My husband and I also share the same values and are on the same page about our big life picture. We both appreciate and love to travel, we both want family to be a big part of our lives, and we both understand that while we like nice things, buying our first home is the priority and limit our spending accordingly. We are not going to get in arguments about credit card charges, public versus private school for our daughter, or seeing family on holidays, as examples.

So, yes, I knew I was in love with him, physically attracted to him, and enjoyed my time with him but when it came to deciding whether or not to marry him, I knew that the vision of what I wanted my life to look like very closely aligned to his vision of his life. This was a big indication to me that we could make this darn thing work for the long haul.

The Big Day
My husband and I have huge families and lots of friends so the decision to do a destination wedding came pretty easily to us. We needed a way to simplify our big day and keep it “small” without insulting a large part of our extended circles. In a perfect world would we have had everyone there, of course, but we simply couldn’t afford it. And I’ll be very honest with you, growing up in New Jersey and having attended some of the most beautiful and extravagant weddings I knew that even if we took the 80 people that we had in Mexico to a venue in NJ, we would not have afforded the type of wedding that I pictured in my head in my teens and early 20s. I needed to make our wedding so different from the $100,000-500,000 weddings that I’d seen in my younger years in order to not feel like my wedding wasn’t as nice or as glam or as beautiful.

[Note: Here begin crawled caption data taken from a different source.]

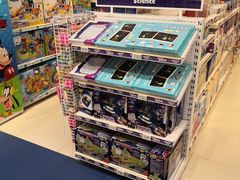 -TOYSRUS玩具反斗城(上海万象城店)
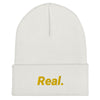 Real Beanie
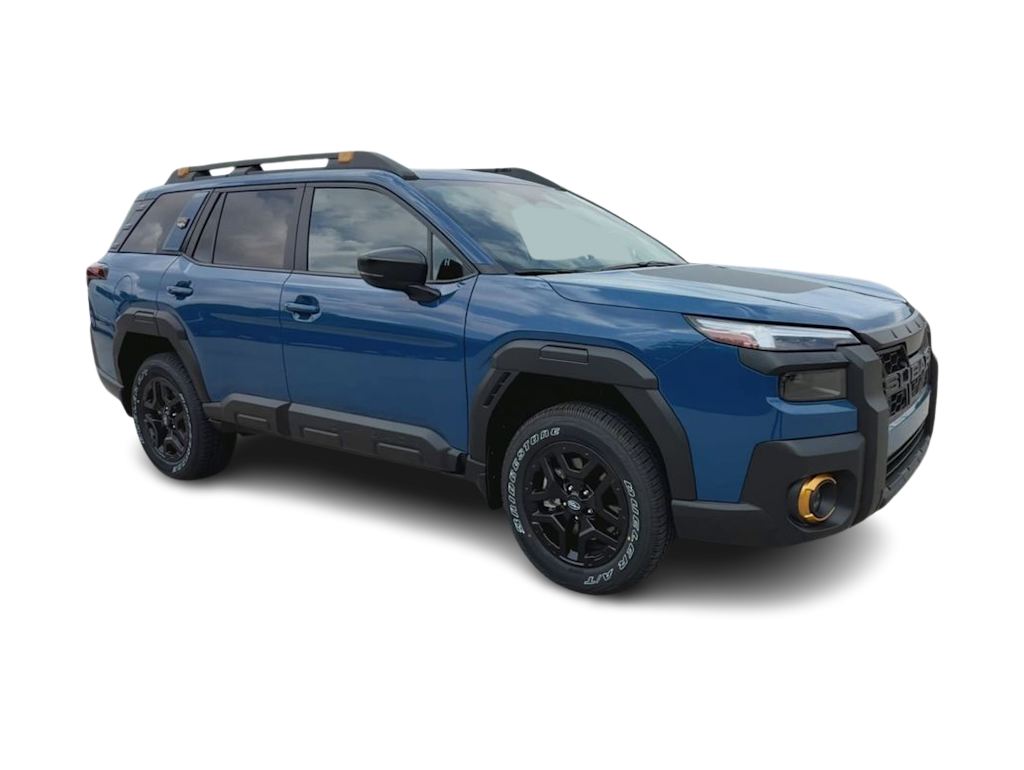 Thumbnail: 2026 Subaru Outback - 17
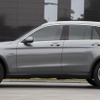 メルセデスベンツGLC改良新型の PHV「GLC 300 e 4MATIC」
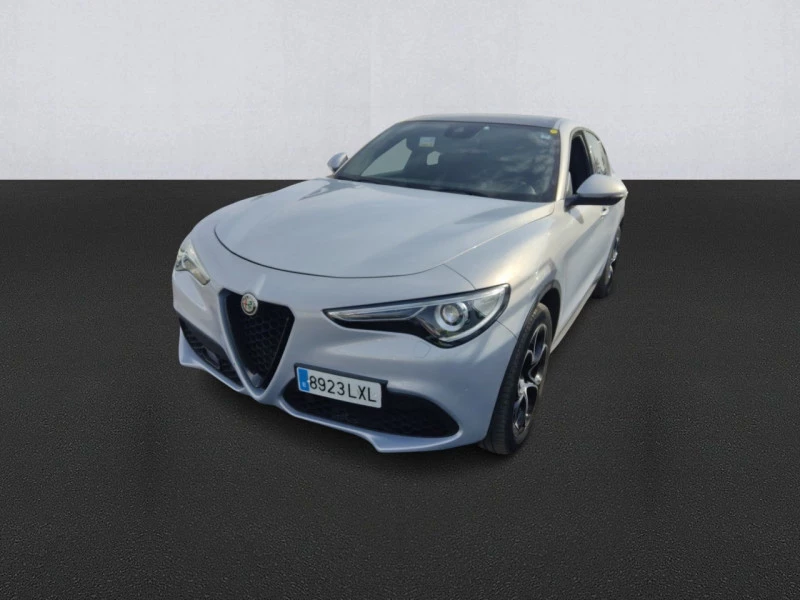 Alfa Romeo Stelvio 2.0 Gasolina 147kW (200cv) SPRINT Q4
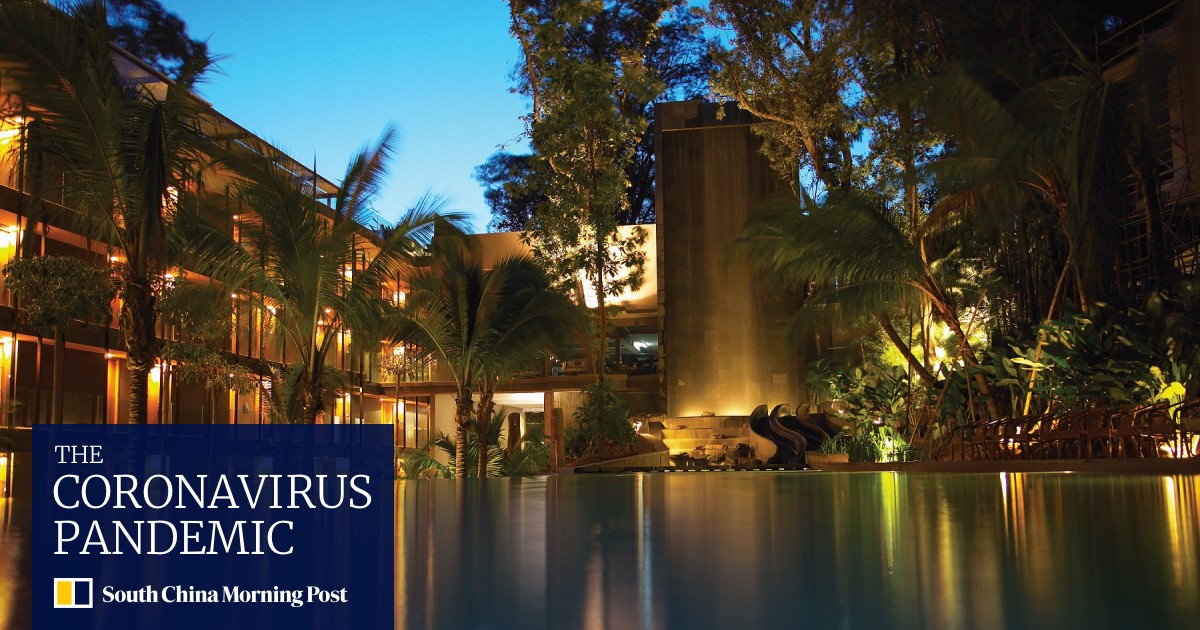 Unlimited Thrill And Action In The State Of Fun Sentosa Singapore South China Morning Post Unlimited Thrill And Action In The State Of Fun Sentosa Singapore South China Morning Post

So, we took our wedding to Mexico and let the beach be our backdrop and the party and vacation with our friends and family take the place of the over the top centerpieces, the big band, and the king crab leg cocktail hour. It’s not that I didn’t want these things, and I am not mocking those that have this type of wedding, I just knew we wouldn’t have been able to do it to the level that I would have wanted so we made it completely different. Ultimately the entire party was dancing before the salads were served and we had an incredible time. So 21 months later, I’m not bothered by the simple white flower centerpieces and I can’t remember what I ate so there’s that. It’s true what they say though, it is a blur so try to enjoy it in the moment as much as possible!

Love and Marriage
I’m finding it difficult to adequately put into words the wonderful aspects of marriage other than to say that I know I have a partner for life. This is such a secure, wonderful feeling but rather than type out a bunch of lovey dovey stuff about my marriage and my love for my husband I’m going to let two songs do the talking:

“Home” by Phillip Phillips (our wedding song):
Hold on, to me as we go, as we roll down this unfamiliar road. And although this wave is stringing us along, just know you’re not alone, ’cause I’m going to make this place your home.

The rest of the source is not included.